KSR instructions were of 6 types: memory reference (load and store), execute, control flow, memory control, I/O, and inserted. Execute instructions included arithmetic, logical, and type conversion. They were usually triadic register in format. Control flow refers to branches and jumps. Branch instructions were two cycles. The programmer (or compiler) could implicitly control the "quashing" behavior of the subsequent two instructions that would be initiated during the branch. The choices were: always retain the results, retain results if branch test is true, or retain results if branch test is false. Memory control provided synchronization primitives. I/O instructions were provided. Inserted instructions were forced into a flow by a coprocessor. Inserted load and store were used for DMA transfers. Inserted memory instructions were used to maintain cache coherency. New coprocessors could be interfaced with the inserted instruction mechanism. IEEE standard floating point arithmetic was supported. Sixty-four 64-bit wide registers were included.

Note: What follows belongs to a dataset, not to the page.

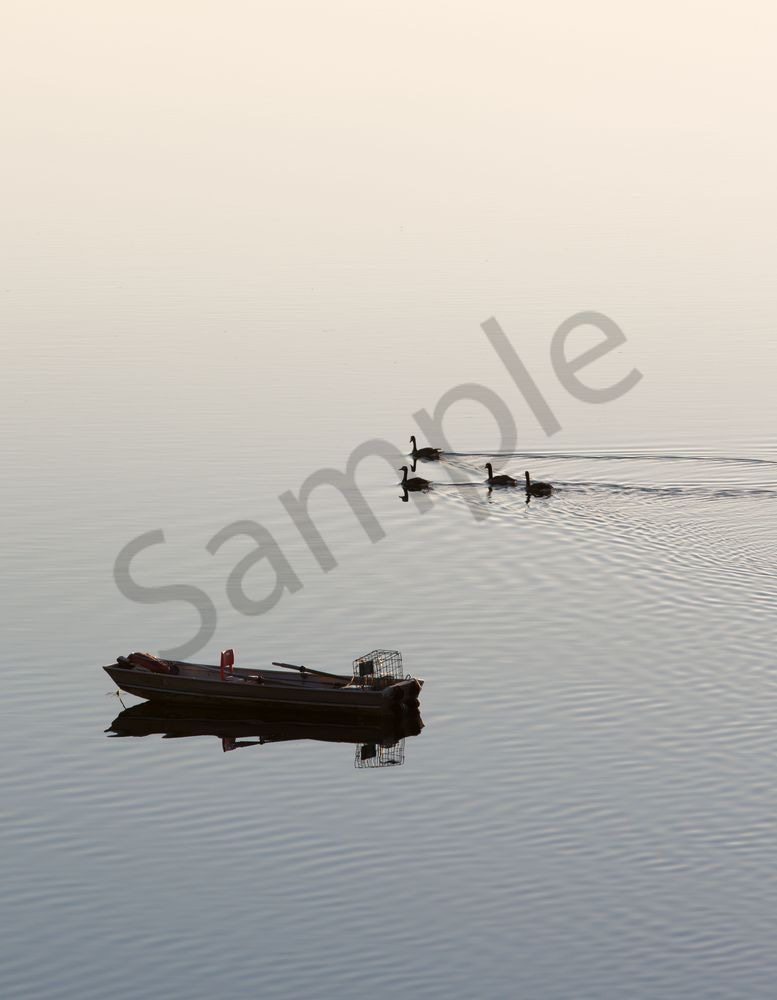 Early Morning Boat Geese Photography Art | Barb Gonzalez Photography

In the KSR design, all of the memory was treated as cache. A Harvard style, separate bus for instructions and memory was used. Each node board contained 256 kB of I-cache and D-cache, essentially primary cache. At each node was 32 MB of memory for main cache. The system level architecture was shared virtual memory, which was physically distributed in the machine. The programmer or application only saw one contiguous address space, which was spanned by a 40-bit address. Traffic between nodes traveled at up to 4 gigabytes per second. The 32 megabytes per node, in aggregate, formed the physical memory of the machine.

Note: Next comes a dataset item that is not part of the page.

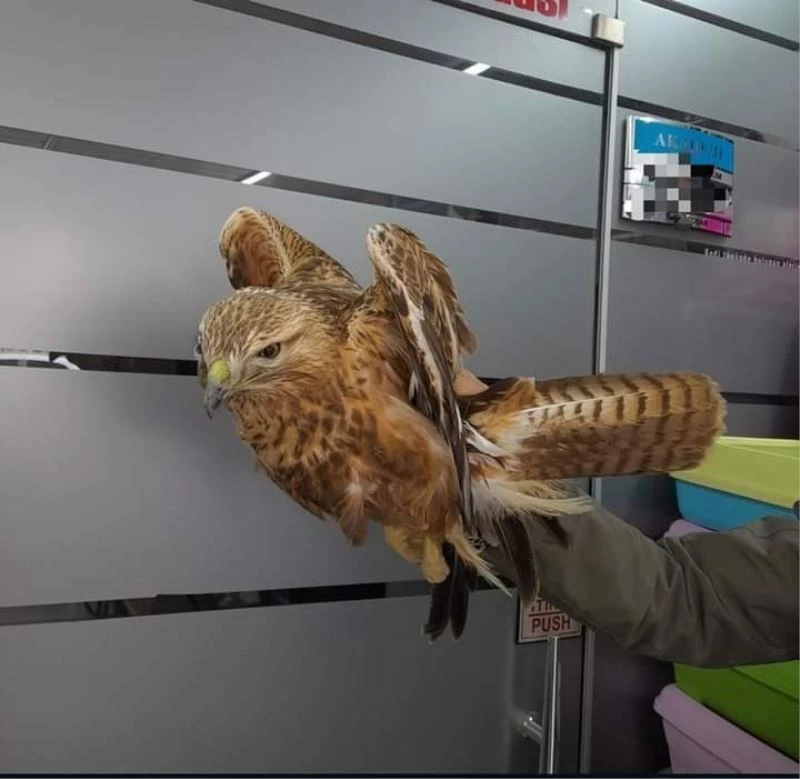 Yaralı halde bulunan kızıl şahin, tedavi altına alındı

Specialized input/output processors could be used in the system, providing scalable I/O. A 1088 node KSR1 could have 510 I/O channels with an aggregate in excess of 15 GB/s. Interfaces such as Ethernet, FDDI, and HIPPI were supported.
KSR refocused its efforts from the scientific to the commercial marketplace, with emphasis on parallel relational databases and OLTP operations. It then got out of the hardware business, but continued to market some of its data warehousing and analysis software products.
The first KSR1 system was installed in 1991. A few of the KSR1 models were sold, but as the KSR2 was being rolled out, the company collapsed amid accounting irregularities involving the overstatement of revenue.
One customer of the KSR2, the Pacific Northwest National Laboratory, a United States Department of Energy facility, purchased an enormous number of spare parts, and kept their machines running for years after the demise of KSR.
KSR, along with many of its competitors (see below) went bankrupt during the collapse of the supercomputer market in the early-1990s. KSR went out of business in late 1993.